This exercise asks for the entries to be repeated exactly, without their images.

BEGIN Provided entries

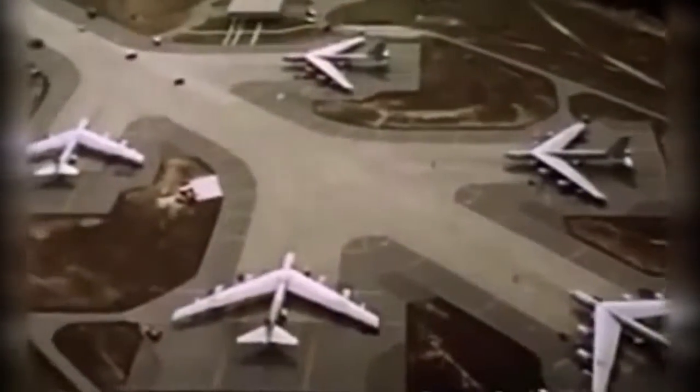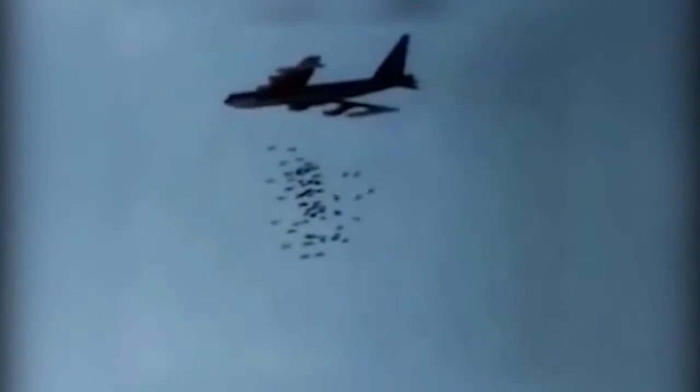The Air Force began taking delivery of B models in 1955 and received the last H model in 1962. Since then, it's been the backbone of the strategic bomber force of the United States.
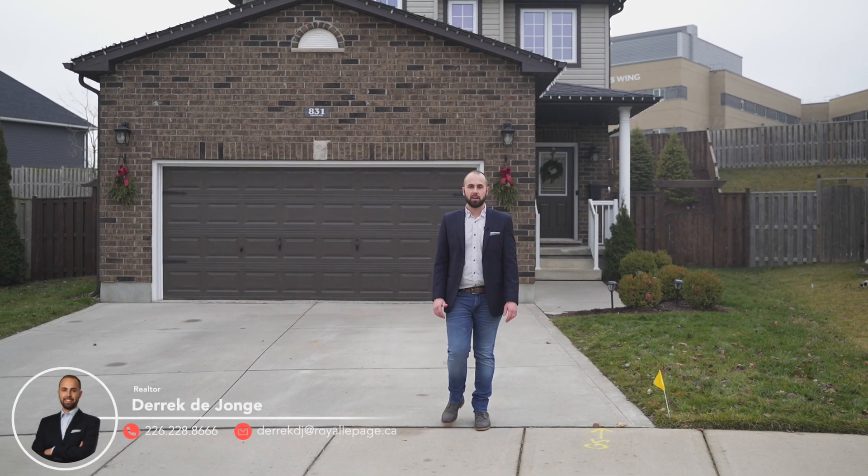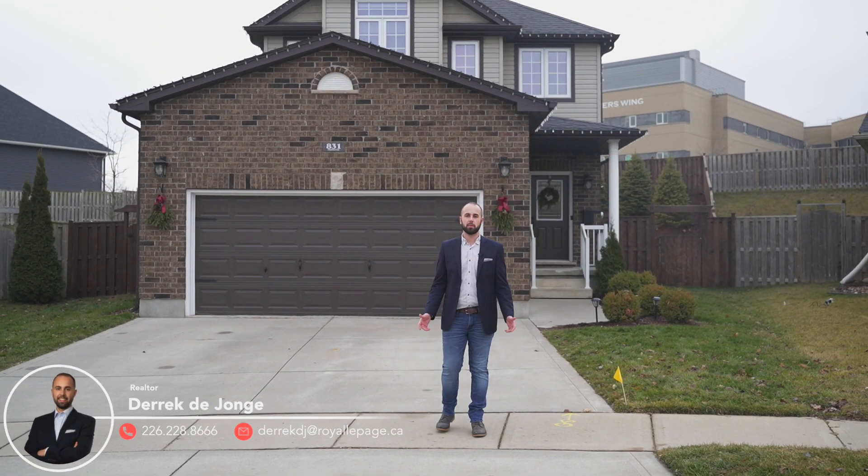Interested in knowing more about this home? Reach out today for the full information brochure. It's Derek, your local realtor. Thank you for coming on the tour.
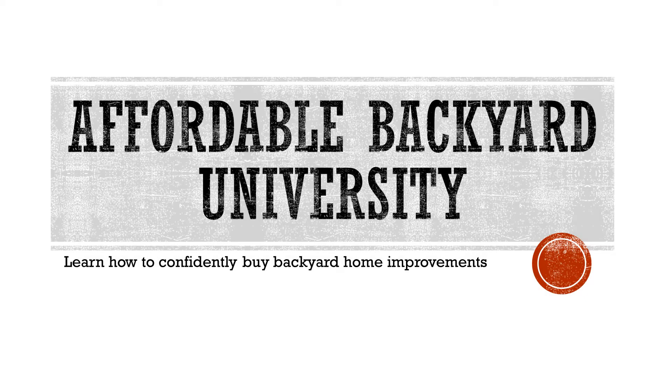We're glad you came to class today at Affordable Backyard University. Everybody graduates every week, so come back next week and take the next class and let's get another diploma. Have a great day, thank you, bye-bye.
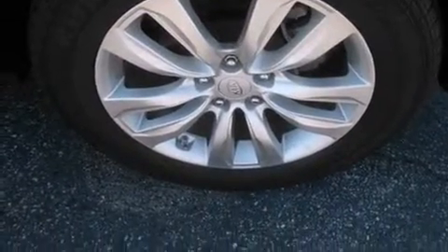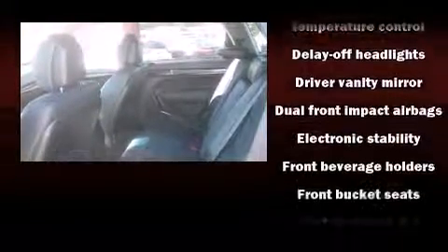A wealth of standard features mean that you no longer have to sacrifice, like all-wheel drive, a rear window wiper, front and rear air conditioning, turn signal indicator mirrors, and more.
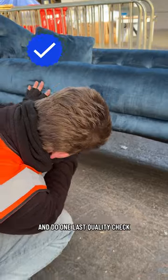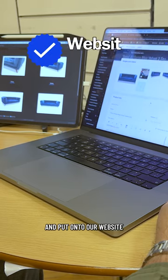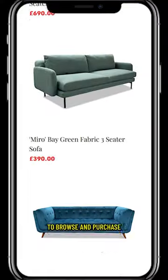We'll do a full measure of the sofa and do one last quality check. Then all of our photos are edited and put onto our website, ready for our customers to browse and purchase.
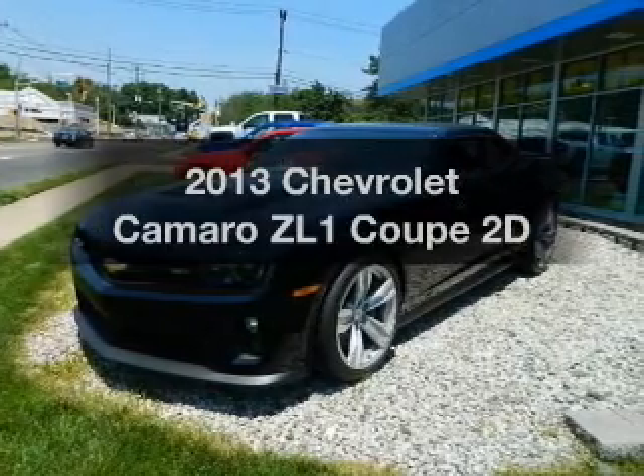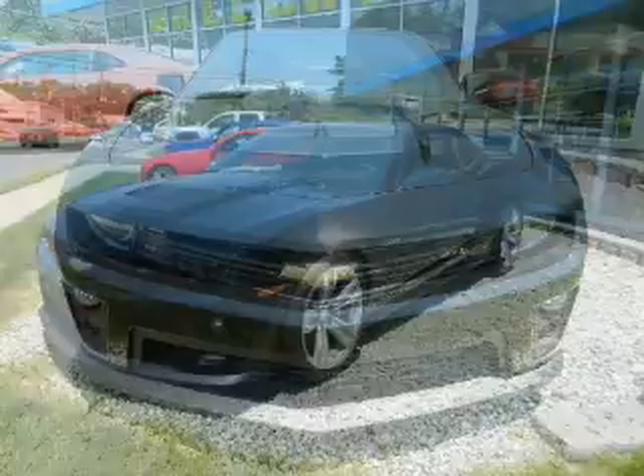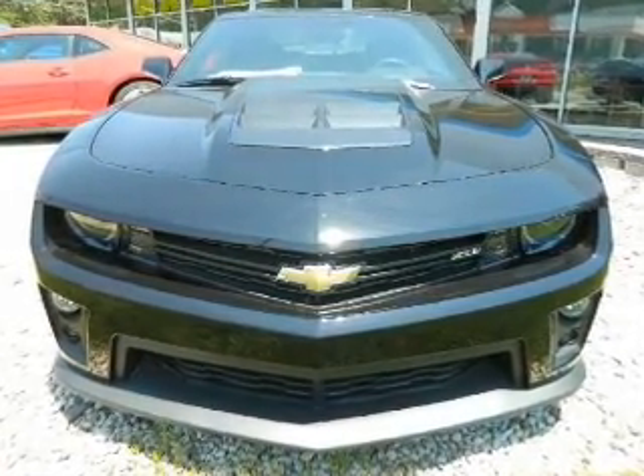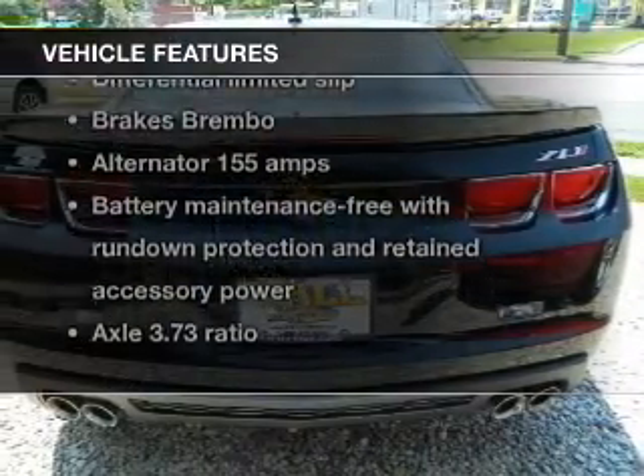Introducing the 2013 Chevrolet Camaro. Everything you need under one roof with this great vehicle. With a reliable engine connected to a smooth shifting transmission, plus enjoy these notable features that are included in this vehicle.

END Provided entries

▶ _Task answer_:
The Air Force began taking delivery of B models in 1955 and received the last H model in 1962. Since then, it's been the backbone of the strategic bomber force of the United States.
Interested in knowing more about this home? Reach out today for the full information brochure. It's Derek, your local realtor. Thank you for coming on the tour.
We're glad you came to class today at Affordable Backyard University. Everybody graduates every week, so come back next week and take the next class and let's get another diploma. Have a great day, thank you, bye-bye.
A wealth of standard features mean that you no longer have to sacrifice, like all-wheel drive, a rear window wiper, front and rear air conditioning, turn signal indicator mirrors, and more.
We'll do a full measure of the sofa and do one last quality check. Then all of our photos are edited and put onto our website, ready for our customers to browse and purchase.
Introducing the 2013 Chevrolet Camaro. Everything you need under one roof with this great vehicle. With a reliable engine connected to a smooth shifting transmission, plus enjoy these notable features that are included in this vehicle.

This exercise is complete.